La idea de «un espacio habitado cargado de significación» me acompañó durante varios días. Y me llevó a preguntarme sobre el modo como habitamos el mundo y la forma como nos relacionamos entre las personas y con el resto de los seres creados. También me llevó a preguntarme por la forma como imaginamos la Iglesia, la casa de los cristianos.

Para unos, la Iglesia se ha convertido en una especie de museo, en un lugar que remite al pasado, un espacio donde el arte y la historia se encuentran, pero donde ya no hay vida porque ha dejado de ser significativo y de estar habitado. Para otros, se ha convertido más bien en un hotel o en un lugar de paso, un edificio en el que se ofrecen servicios pastorales –bautizos, comuniones, bodas y funerales– que se solicitan en momentos puntuales de la vida, pero que ha dejado también de estar habitado. En ambos casos la Iglesia ya no es un «espacio habitado cargado de significación», y ha pasado a convertirse en una mera estación de servicio, un lugar de paso.

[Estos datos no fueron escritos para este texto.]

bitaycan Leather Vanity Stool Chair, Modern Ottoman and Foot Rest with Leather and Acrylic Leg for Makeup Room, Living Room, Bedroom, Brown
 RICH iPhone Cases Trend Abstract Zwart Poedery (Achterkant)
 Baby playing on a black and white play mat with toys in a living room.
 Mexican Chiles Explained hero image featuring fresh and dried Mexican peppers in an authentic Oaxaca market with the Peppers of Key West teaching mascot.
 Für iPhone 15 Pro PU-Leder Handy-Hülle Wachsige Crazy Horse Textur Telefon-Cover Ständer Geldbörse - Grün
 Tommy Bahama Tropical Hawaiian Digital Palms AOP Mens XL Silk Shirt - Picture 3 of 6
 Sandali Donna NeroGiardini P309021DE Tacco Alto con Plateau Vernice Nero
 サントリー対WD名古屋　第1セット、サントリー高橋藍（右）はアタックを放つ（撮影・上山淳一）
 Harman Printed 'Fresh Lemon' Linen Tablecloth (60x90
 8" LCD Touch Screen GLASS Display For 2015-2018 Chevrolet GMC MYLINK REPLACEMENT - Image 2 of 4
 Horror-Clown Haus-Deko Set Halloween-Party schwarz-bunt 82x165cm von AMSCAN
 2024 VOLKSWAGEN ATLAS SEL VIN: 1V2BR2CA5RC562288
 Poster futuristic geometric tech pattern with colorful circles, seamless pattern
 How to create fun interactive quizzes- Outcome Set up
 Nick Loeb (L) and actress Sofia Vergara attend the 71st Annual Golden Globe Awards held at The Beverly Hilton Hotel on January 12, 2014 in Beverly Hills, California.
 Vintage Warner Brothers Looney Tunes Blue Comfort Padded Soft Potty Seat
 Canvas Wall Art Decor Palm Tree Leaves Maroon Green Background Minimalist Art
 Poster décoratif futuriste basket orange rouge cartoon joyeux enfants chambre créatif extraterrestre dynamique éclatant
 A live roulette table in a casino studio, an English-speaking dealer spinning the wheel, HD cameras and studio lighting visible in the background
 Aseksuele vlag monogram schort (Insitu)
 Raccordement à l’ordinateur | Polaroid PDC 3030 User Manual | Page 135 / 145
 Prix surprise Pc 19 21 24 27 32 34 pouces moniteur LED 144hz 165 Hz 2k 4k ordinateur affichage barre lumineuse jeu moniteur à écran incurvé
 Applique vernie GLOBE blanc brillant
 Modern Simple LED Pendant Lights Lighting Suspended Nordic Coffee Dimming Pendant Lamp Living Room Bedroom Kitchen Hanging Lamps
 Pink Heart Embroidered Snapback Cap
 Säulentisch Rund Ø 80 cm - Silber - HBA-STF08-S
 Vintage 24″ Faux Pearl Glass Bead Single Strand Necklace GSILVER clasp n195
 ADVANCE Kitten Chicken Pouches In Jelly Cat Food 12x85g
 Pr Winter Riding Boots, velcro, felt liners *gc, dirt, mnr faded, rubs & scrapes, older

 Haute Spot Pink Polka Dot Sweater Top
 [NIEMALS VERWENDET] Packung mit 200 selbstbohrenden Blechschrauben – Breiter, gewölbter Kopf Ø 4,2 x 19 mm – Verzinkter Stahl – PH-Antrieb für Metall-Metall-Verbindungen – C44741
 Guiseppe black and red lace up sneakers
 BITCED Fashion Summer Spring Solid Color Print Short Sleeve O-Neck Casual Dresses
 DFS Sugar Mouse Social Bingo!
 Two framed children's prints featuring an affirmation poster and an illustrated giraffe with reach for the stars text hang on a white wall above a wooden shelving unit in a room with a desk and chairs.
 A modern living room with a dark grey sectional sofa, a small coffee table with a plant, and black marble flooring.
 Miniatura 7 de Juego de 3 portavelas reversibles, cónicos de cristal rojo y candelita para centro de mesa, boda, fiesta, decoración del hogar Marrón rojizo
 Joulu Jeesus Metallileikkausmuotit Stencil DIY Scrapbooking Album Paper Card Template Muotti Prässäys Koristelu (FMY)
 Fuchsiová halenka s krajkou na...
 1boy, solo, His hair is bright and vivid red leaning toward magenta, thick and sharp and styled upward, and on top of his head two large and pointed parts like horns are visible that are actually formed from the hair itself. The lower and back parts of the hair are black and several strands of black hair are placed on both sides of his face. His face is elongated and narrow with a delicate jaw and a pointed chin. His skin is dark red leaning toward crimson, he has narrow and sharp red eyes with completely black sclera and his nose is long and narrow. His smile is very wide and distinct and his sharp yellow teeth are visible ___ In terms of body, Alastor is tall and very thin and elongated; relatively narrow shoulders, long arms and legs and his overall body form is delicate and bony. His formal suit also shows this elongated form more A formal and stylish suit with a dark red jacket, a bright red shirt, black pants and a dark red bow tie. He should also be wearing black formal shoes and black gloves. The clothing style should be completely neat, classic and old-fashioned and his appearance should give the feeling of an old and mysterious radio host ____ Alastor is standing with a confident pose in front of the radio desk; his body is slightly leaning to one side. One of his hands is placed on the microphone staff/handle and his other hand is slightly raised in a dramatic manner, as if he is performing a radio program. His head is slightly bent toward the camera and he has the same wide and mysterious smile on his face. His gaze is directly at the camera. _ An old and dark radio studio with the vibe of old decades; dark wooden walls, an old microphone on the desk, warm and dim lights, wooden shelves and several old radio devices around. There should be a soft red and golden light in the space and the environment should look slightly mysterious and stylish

La Iglesia, sin embargo, está llamada a ser mucho más que un museo, un hotel o una estación de servicio; está llamada a ser casa habitada, hogar cargado de historia y de significación. Por eso tiene algo en común con las casas-museos. En ambos casos el espacio y los objetos irradian memoria y recuerdos; en todos ellos laten con fuerza las historias del pasado. Pero, aunque la historia irradie una poderosa influencia en la vida de la Iglesia, en muchas comunidades cristianas hay presente y el futuro permanece abierto. En esos casos, la Iglesia es refugio de la intimidad personal y familiar en momentos de desolación, lugar de encuentro y sociabilidad comunitaria, espacio de creatividad artística, edén en medio del ajetreo de la vida, pequeño cosmos en el que cada uno tiene reservada una morada.

Los cristianos estamos llamados a hacer de la Iglesia nuestra casa, y de nuestra casa una Iglesia (la ecclesia domus que decían los latinos). No caigamos en la tentación de convertir la Iglesia en un museo o en un hotel. Transformémosla en un hogar habitable para todos. Esa es la vocación a la que estamos llamados.